* [WHAT THE TASK REQUIRES]
Copy the data exactly. Images are the one exception.

Stored data entries
########

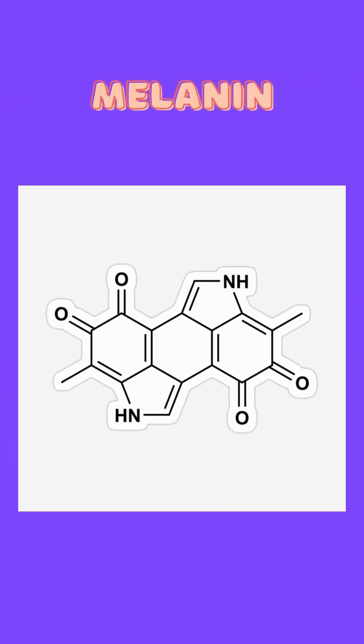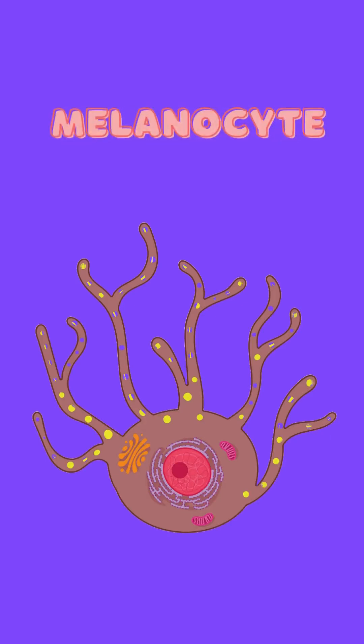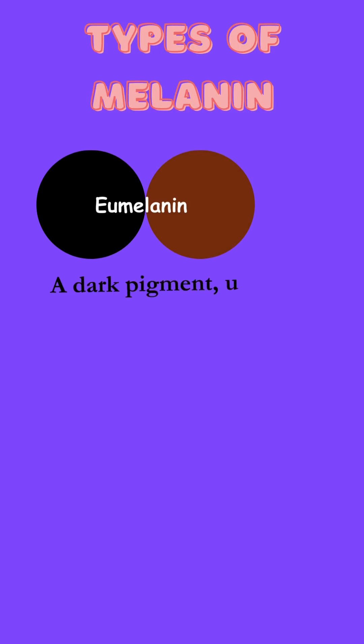It all starts with melanin, a pigment made by melanocyte cells. These are of two types. Eumelanin, a dark pigment, usually brown or black in color, protects from the sun.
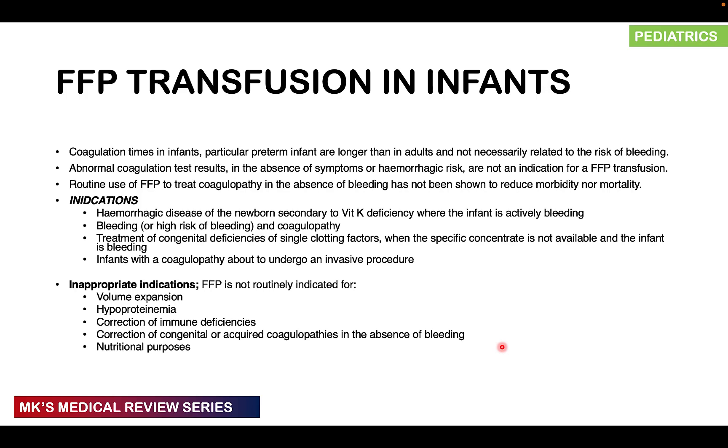A few things about FFP transfusion in infants: coagulation times in infants — particularly preterm infants — are generally longer than in adults because the liver is not mature enough to synthesize clotting factors and the gut is not yet colonized by vitamin K-synthesizing bacteria. An abnormal coagulation test result in the absence of bleeding or hemorrhage is not an indication for FFP transfusion. Routine FFP to treat coagulopathy in the absence of bleeding is not recommended and does not reduce morbidity or mortality. Appropriate indications include hemorrhagic disease of the newborn secondary to vitamin K deficiency where the infant is actively bleeding.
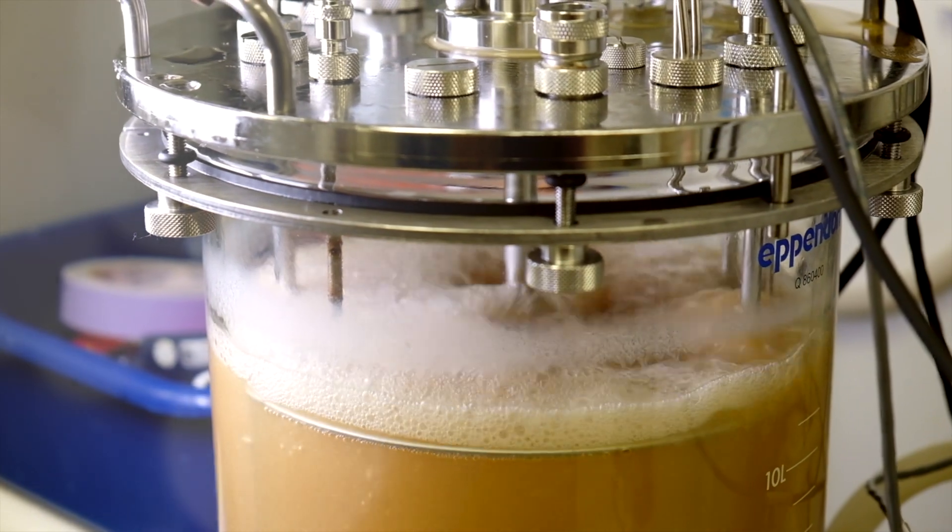Welcome to Foldit Lab Report number 12. I'm BKEP here at the Institute for Protein Design in Seattle with my colleague Ian H. behind the camera. If this is your first time watching a Foldit Lab Report, we publish these on the first of every month to give you a behind-the-scenes look at the research we're doing with Foldit.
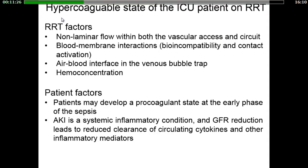Blood in the extracorporeal circuit tends to clot because of various factors, including non-laminar flow within the catheter and circuits, interactions between the membrane and the blood, the air-blood interface in the bubble trap, and hemoconcentration. In addition, sepsis is a leading cause of AKI, and at the early phase of sepsis, patients may develop a pro-coagulant state because of the interplay between coagulation and inflammation. This hypercoagulant state is exacerbated during AKI because AKI is a systemic inflammatory condition leading to accumulation of circulating cytokines and other inflammatory mediators.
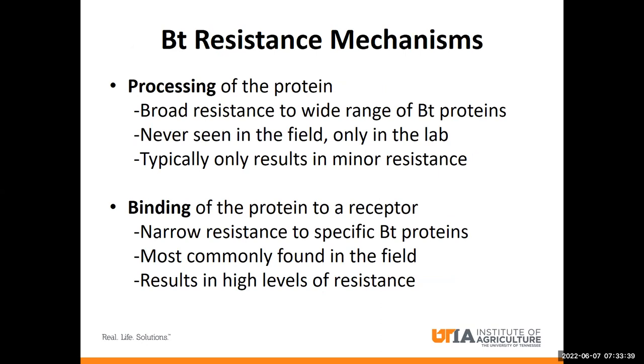BT resistance typically manifests in one of two ways. The first way is that processing of the protein into its active form could be disrupted, which could result in resistance to a wide range of BT proteins because the same enzymes are involved in activating different types of BT proteins. However, we've never seen this type of resistance in the field — it's only been observed in laboratory populations and typically only results in minor resistance, which probably isn't enough to actually make a difference in the field.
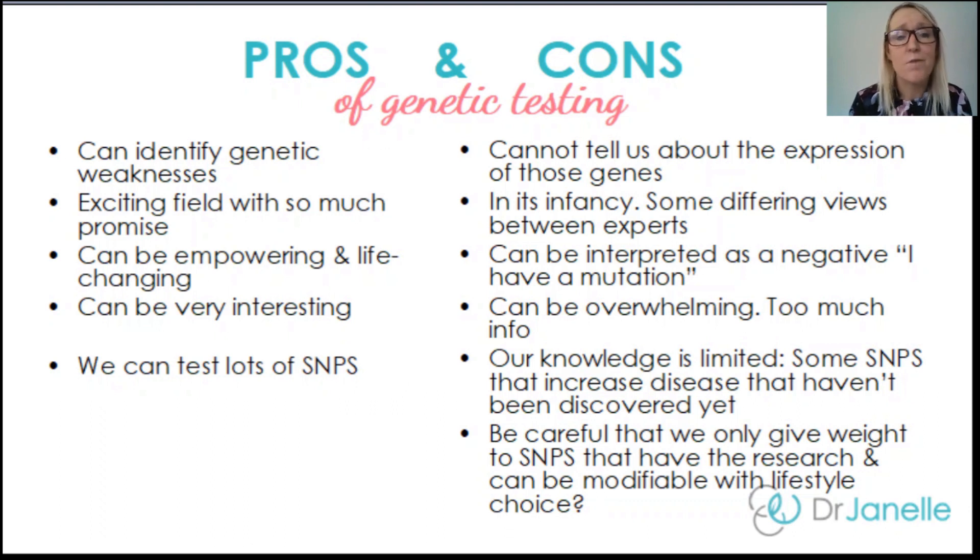Let's go over the pros and cons of genetic testing. A key pro is that we can identify genetic weaknesses, which can be really empowering and helpful for health conditions. A con is that genetic tests cannot tell us about the expression of our genes — it tells us the blueprint, not whether genes are expressing or what impact our lifestyle is having on gene expression. Another pro is that this is a really exciting field with a lot of promise, but on the flip side it's still in its infancy, with differing views between experts, so keep in mind we're still learning a lot.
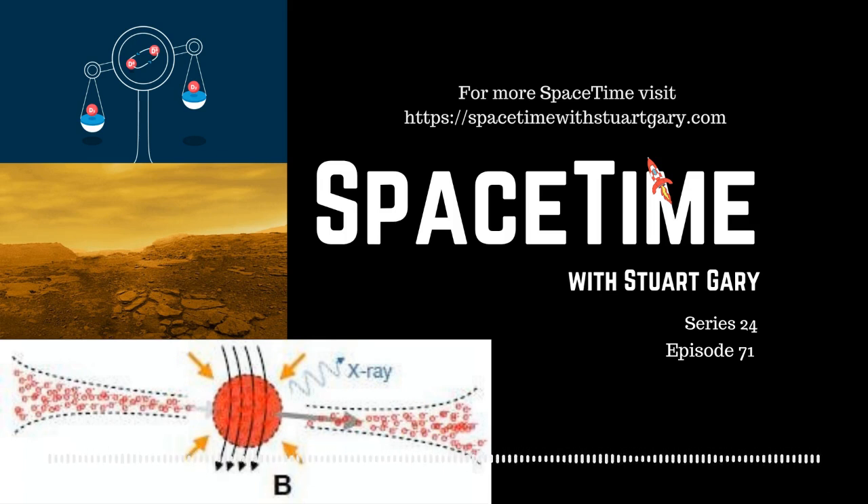And time now to take another brief look at some of the other stories making news in science this week with the Science Report. New research shows that when you inhale isolated coronavirus particles, more than 65% of the deadly aerosols will reach the very deepest regions of your lungs. The findings, reported in the Journal of Physics of Fluids, suggest treatments for the virus need to target the deeper airways rather than just the surface. This is the first study to examine how the virus flows through the lower lungs. The authors also found that more of the virus reaches the right lung than the left — especially the right upper and right lower lobes — due to the highly asymmetrical anatomical structure of the lungs.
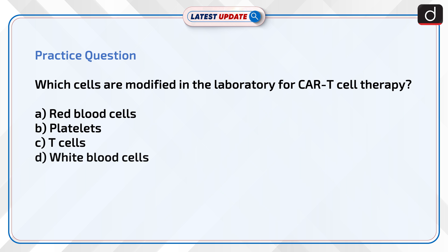Now is the time to test your knowledge. The question is: which cells are modified in the laboratory for CAR T cell therapy? Red blood cells? Platelets? T cells? Or white blood cells? Send the answer to this question in the comment section.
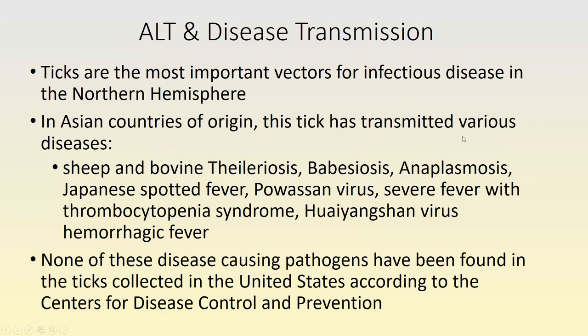Because ticks are the most important vectors for infectious disease in the Northern Hemisphere, we are concerned about the role this new tick will play. In Asia, this tick has transmitted sheep and bovine theileriosis, babesiosis, anaplasmosis, Japanese spotted fever, Powassan virus, severe fever with thrombocytopenia syndrome, Huayangshan virus, and hemorrhagic fever. So far, none of the ticks collected in the United States have been found to carry any of these pathogens — that's the good news. But it's only a matter of time before one takes a blood meal from an infected animal and can then transmit disease.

########

* [RESULT OF THIS TASK]
It all starts with melanin, a pigment made by melanocyte cells. These are of two types. Eumelanin, a dark pigment, usually brown or black in color, protects from the sun.
A few things about FFP transfusion in infants: coagulation times in infants — particularly preterm infants — are generally longer than in adults because the liver is not mature enough to synthesize clotting factors and the gut is not yet colonized by vitamin K-synthesizing bacteria. An abnormal coagulation test result in the absence of bleeding or hemorrhage is not an indication for FFP transfusion. Routine FFP to treat coagulopathy in the absence of bleeding is not recommended and does not reduce morbidity or mortality. Appropriate indications include hemorrhagic disease of the newborn secondary to vitamin K deficiency where the infant is actively bleeding.
Welcome to Foldit Lab Report number 12. I'm BKEP here at the Institute for Protein Design in Seattle with my colleague Ian H. behind the camera. If this is your first time watching a Foldit Lab Report, we publish these on the first of every month to give you a behind-the-scenes look at the research we're doing with Foldit.
Blood in the extracorporeal circuit tends to clot because of various factors, including non-laminar flow within the catheter and circuits, interactions between the membrane and the blood, the air-blood interface in the bubble trap, and hemoconcentration. In addition, sepsis is a leading cause of AKI, and at the early phase of sepsis, patients may develop a pro-coagulant state because of the interplay between coagulation and inflammation. This hypercoagulant state is exacerbated during AKI because AKI is a systemic inflammatory condition leading to accumulation of circulating cytokines and other inflammatory mediators.
BT resistance typically manifests in one of two ways. The first way is that processing of the protein into its active form could be disrupted, which could result in resistance to a wide range of BT proteins because the same enzymes are involved in activating different types of BT proteins. However, we've never seen this type of resistance in the field — it's only been observed in laboratory populations and typically only results in minor resistance, which probably isn't enough to actually make a difference in the field.
Let's go over the pros and cons of genetic testing. A key pro is that we can identify genetic weaknesses, which can be really empowering and helpful for health conditions. A con is that genetic tests cannot tell us about the expression of our genes — it tells us the blueprint, not whether genes are expressing or what impact our lifestyle is having on gene expression. Another pro is that this is a really exciting field with a lot of promise, but on the flip side it's still in its infancy, with differing views between experts, so keep in mind we're still learning a lot.
And time now to take another brief look at some of the other stories making news in science this week with the Science Report. New research shows that when you inhale isolated coronavirus particles, more than 65% of the deadly aerosols will reach the very deepest regions of your lungs. The findings, reported in the Journal of Physics of Fluids, suggest treatments for the virus need to target the deeper airways rather than just the surface. This is the first study to examine how the virus flows through the lower lungs. The authors also found that more of the virus reaches the right lung than the left — especially the right upper and right lower lobes — due to the highly asymmetrical anatomical structure of the lungs.
Now is the time to test your knowledge. The question is: which cells are modified in the laboratory for CAR T cell therapy? Red blood cells? Platelets? T cells? Or white blood cells? Send the answer to this question in the comment section.
Because ticks are the most important vectors for infectious disease in the Northern Hemisphere, we are concerned about the role this new tick will play. In Asia, this tick has transmitted sheep and bovine theileriosis, babesiosis, anaplasmosis, Japanese spotted fever, Powassan virus, severe fever with thrombocytopenia syndrome, Huayangshan virus, and hemorrhagic fever. So far, none of the ticks collected in the United States have been found to carry any of these pathogens — that's the good news. But it's only a matter of time before one takes a blood meal from an infected animal and can then transmit disease.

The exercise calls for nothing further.